The Hilton Waikoloa Resort also offers a number of cultural and other hotel activities. Many are free but require reservations, while a few are available for an additional charge.
Just down the hall from my room was the laundry area. I stumbled across it looking for a second staircase. If you’re here for an extended stay, it’s a nice feature.
Resort Amenities and Activities
The Hilton Waikoloa Village is a massive resort. There are three different towers, multiple pools, several restaurants, and a few other activity sites. Here we have a panorama of the lagoon area.
The lagoon is a saltwater area where you can swim and enjoy the ocean without worrying about the surf. The Hilton offers floaties and boats for rent, but they do need to stay in the lagoon.
Roughly on the other side of the Lagoon Tower are the pools. It is a huge area, including multiple pools, a few man-made waterfalls, and lots and lots of sun chairs.
The pools were obviously very popular. Without much of a beach at the resort, they are the go-to place for most folks.
Between the pool are and the lagoon is Hilton’s Dolphin Quest. While I’m not against animal experiences, as I believe that zoos, aquariums, and the like generally promote conservation efforts and have an ethical purpose, the Dolphin Quest didn’t fit this category for me. I watched the pair swim circles in the shallow pool for a while and it seems like there really isn’t a lot here for them besides people jumping in to “swim” with them each day. I also don’t think something like this belongs at a resort. Just my thoughts after observing for 10 minutes. Definitely a debate for another day.
There isn’t much of a beach at Waikoloa. The coast is very rocky, as is the case on most of the Big Island, where lava flows directly meet the sea. I sat and enjoyed watching the ocean for a while. When it is clear, you can see Maui in the distance.
The Hilton Waikoloa Resort offers their Legends of Hawaii Luau multiple nights per week. This is not included, and it is a significant per-person upcharge. Adults (ages 13+) cost $140 and kids (ages 5-12) cost $75. It’s a 2.5 hour event including everything you’d expect: dining, music, dancing and cultural demonstrations.
The Hilton Waikoloa Village also has a spa, if that’s your main reason for booking a resort getaway.
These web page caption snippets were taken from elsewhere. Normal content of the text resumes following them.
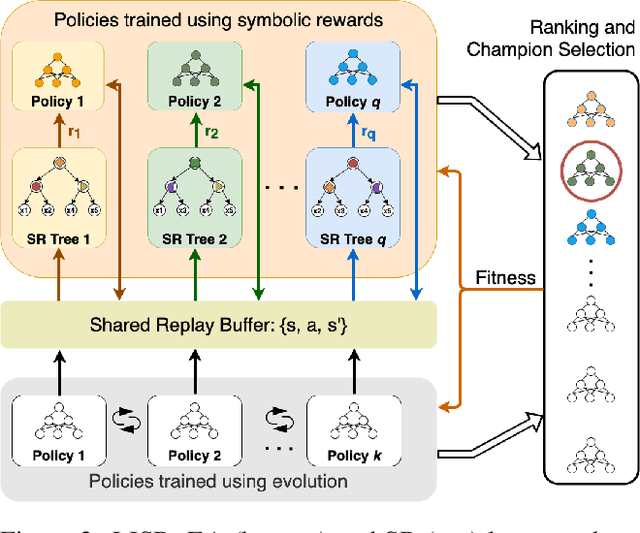 Figure 3 for Learning Intrinsic Symbolic Rewards in Reinforcement Learning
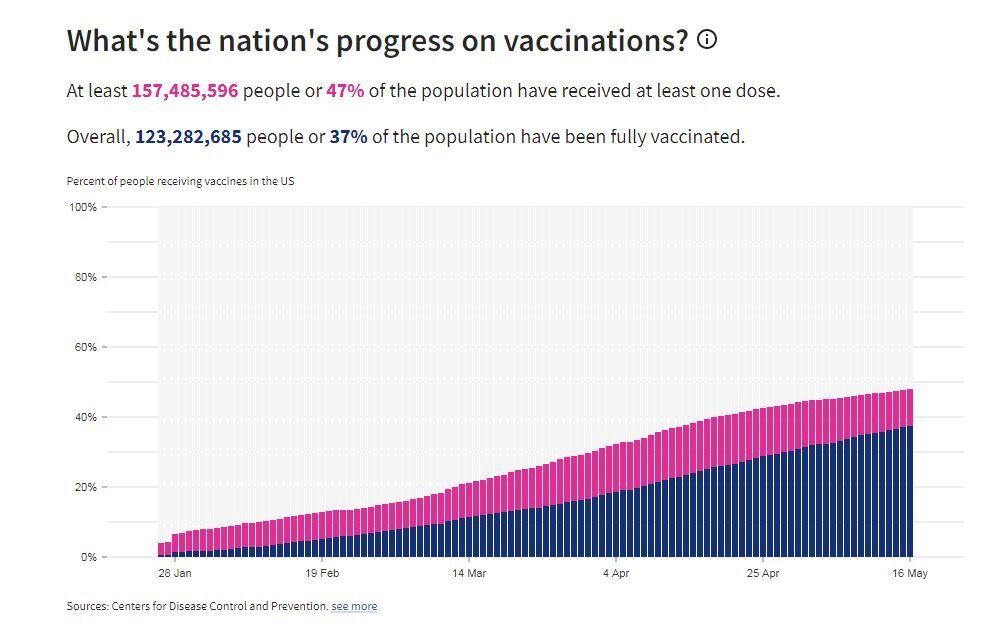 us vaccination progress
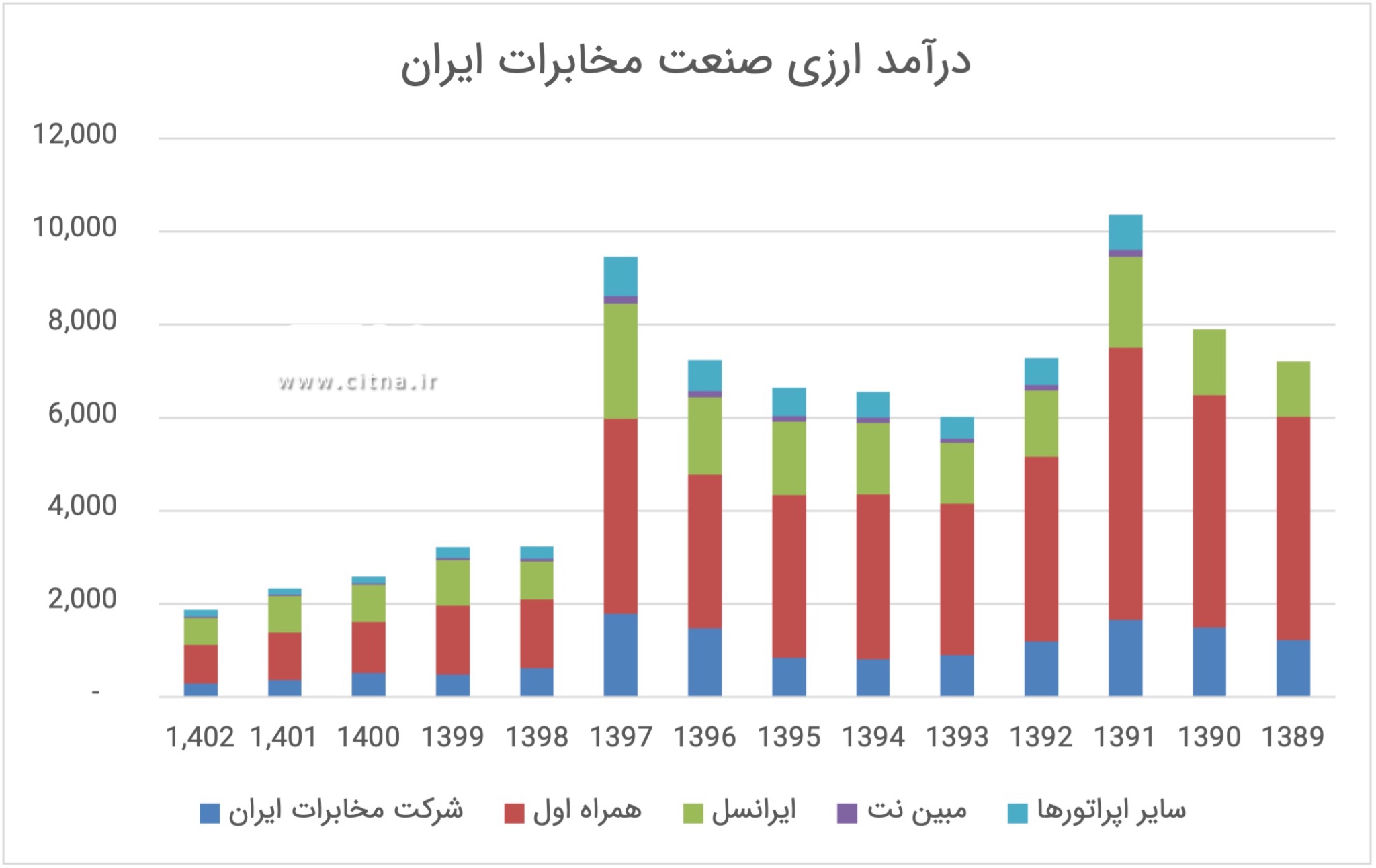 پیامد کاهش ۸۰ درصدی قدرت خرید ارزی اپراتورها؛ توقف توسعه و کاهش کیفیت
Remember that you can use your Hilton Aspire resort credit to cover on-property charges, up to $250 per cardmember year.
Dining at the Hilton Waikoloa Village
There are several dining options at the Hilton Waikoloa Village, which you’d expect at a resort of this size. Lunch was in order when I arrived, and I headed to the Lagoon Grill. With a $250 credit at my disposal, there was no need to pinch pennies during the stay. Here is a full listing of all the resort dining options, available in your room.
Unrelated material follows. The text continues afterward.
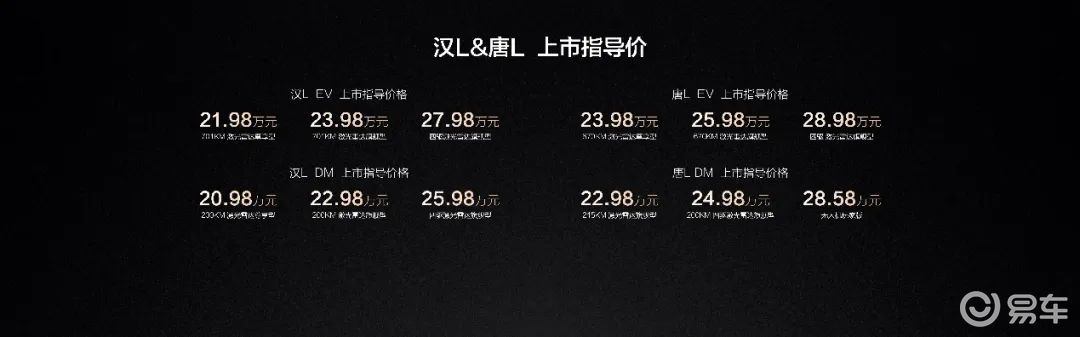 20.98万元起售，比亚迪新旗舰轿车汉L正式上市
The Lagoon Grill offers burgers and sandwiches, as well as a selection of drinks and desserts. The whole restaurant is open-air, located between the Dolphin Quest and the Lagoon.
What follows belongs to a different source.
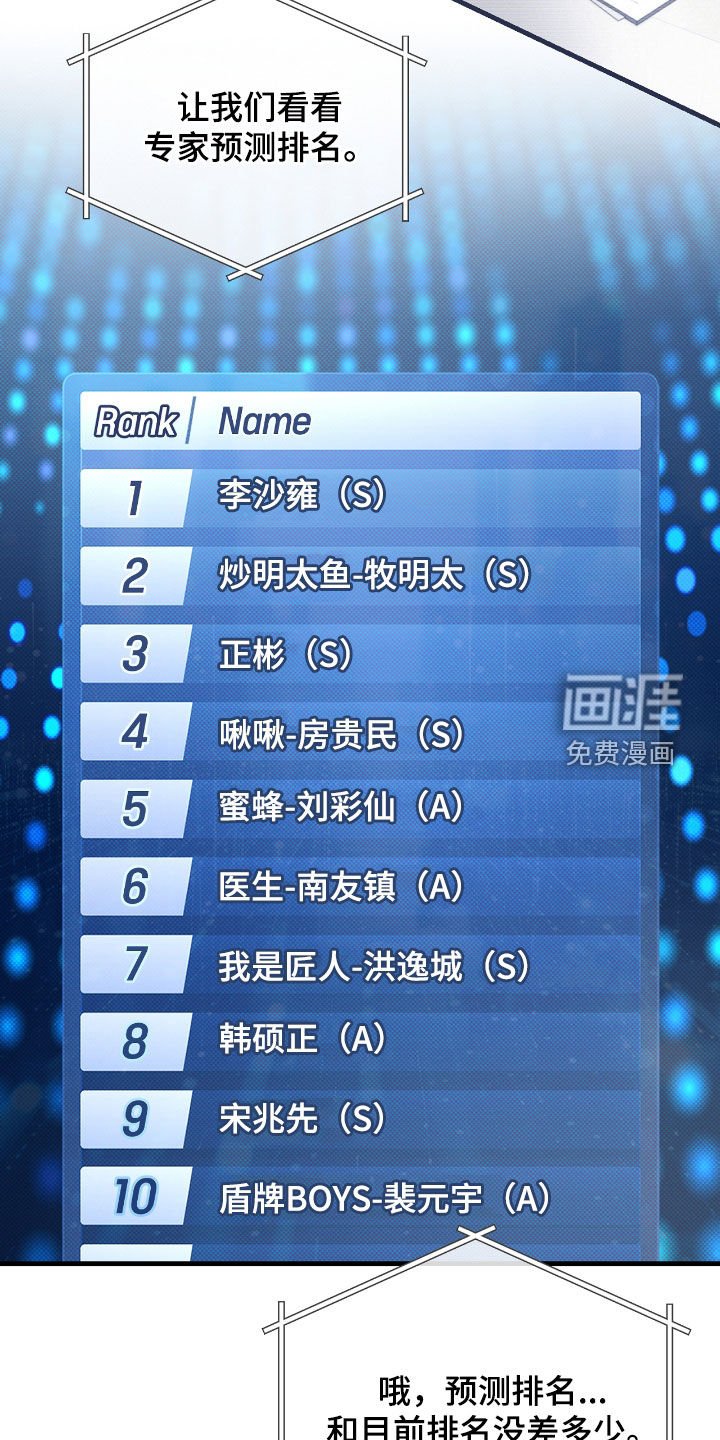 第32章：排名变动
The pulled pork sandwich was a decent choice. However, I would find later that I preferred the food selection at the Kona Tap Room. But if you want to eat outdoors, this is a good choice.
You’ll need to make friends with the finches, though. They are all over the place. Judging by the amount of bird droppings, they hopefully clean everything well each day!
The Kona Tap Room is one of the better dining choices within the resort, in my opinion. The atmosphere is laid-back, and there are enough menu options that most people should be satisfied. It’s located between the lobby and the Lagoon Tower, which made it an easy option.
The Kona Tap Room features beer on tap from Kona Brewing Co. and offers an array of other drinks.
As far as food goes, you have a nice array of choices. I went with the Mahi Mahi tacos. The Kona Tap Room also has live music every night.
If you’re looking for fine dining, the Kamuela Provision Company is where you want to be. Reservations are recommended.
Near the Lagoon Grill is Shaka Cones, offering a selection of ice cream. Of course I had to go with the Kona Coffee.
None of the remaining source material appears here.